The cloned FGD was partially purified from E. coli by using ammonium sulfate precipitation (the active fraction was recovered in the supernatant after treatment with ammonium sulfate at 60% of saturation and then precipitated by ammonium sulfate at 90% saturation) followed by desalting with a Centriplus-10 filter and finally F₄₂₀-affinity column chromatography (47). The protein at this stage of purity had the same denatured molecular mass, and temperature and pH optima for FGD activities, as the native enzyme from M. smegmatis. Thus, the enzyme can be expressed in a fully functional form in E. coli and does not need Mycobacterium-specific cofactors or other mycobacterial proteins for activity.
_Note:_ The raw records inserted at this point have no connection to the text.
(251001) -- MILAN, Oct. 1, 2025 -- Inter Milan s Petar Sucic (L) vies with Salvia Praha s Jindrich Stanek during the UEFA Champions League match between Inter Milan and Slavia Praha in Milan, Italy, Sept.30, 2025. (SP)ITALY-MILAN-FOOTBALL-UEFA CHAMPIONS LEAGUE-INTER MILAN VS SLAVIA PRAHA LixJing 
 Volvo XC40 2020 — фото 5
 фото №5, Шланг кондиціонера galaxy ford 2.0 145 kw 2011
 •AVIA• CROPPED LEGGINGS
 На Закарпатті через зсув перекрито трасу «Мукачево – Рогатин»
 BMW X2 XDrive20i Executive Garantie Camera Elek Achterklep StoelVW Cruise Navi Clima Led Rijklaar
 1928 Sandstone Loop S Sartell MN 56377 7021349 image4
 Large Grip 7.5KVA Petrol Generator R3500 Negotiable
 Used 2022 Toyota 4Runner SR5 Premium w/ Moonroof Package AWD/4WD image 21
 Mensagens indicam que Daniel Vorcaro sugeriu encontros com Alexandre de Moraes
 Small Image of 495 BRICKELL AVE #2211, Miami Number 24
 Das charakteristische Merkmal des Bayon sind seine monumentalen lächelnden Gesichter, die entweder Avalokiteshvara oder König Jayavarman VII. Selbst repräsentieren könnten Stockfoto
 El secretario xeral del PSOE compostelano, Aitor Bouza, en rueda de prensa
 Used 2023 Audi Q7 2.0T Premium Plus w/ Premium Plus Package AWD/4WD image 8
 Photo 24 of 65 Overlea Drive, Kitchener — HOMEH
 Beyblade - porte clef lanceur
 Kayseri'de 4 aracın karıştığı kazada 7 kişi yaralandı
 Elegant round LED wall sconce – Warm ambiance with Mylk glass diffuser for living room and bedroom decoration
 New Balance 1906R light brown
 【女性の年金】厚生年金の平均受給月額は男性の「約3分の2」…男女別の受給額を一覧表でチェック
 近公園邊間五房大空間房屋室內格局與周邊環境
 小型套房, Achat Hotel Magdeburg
Insertional mutagenesis of cloned fgd in E. coli was conducted by using the Kan^r gene (aph, for aminoglycoside phosphotransferase). The 1.3-kb BamHI fragment of the Kan^r cassette was inserted into the BglII site of fgd in pEP1300, resulting in pEP1300::Kan^r. No FGD activity was detected in E. coli BL21(DE3) carrying pEP1300::Kan^r.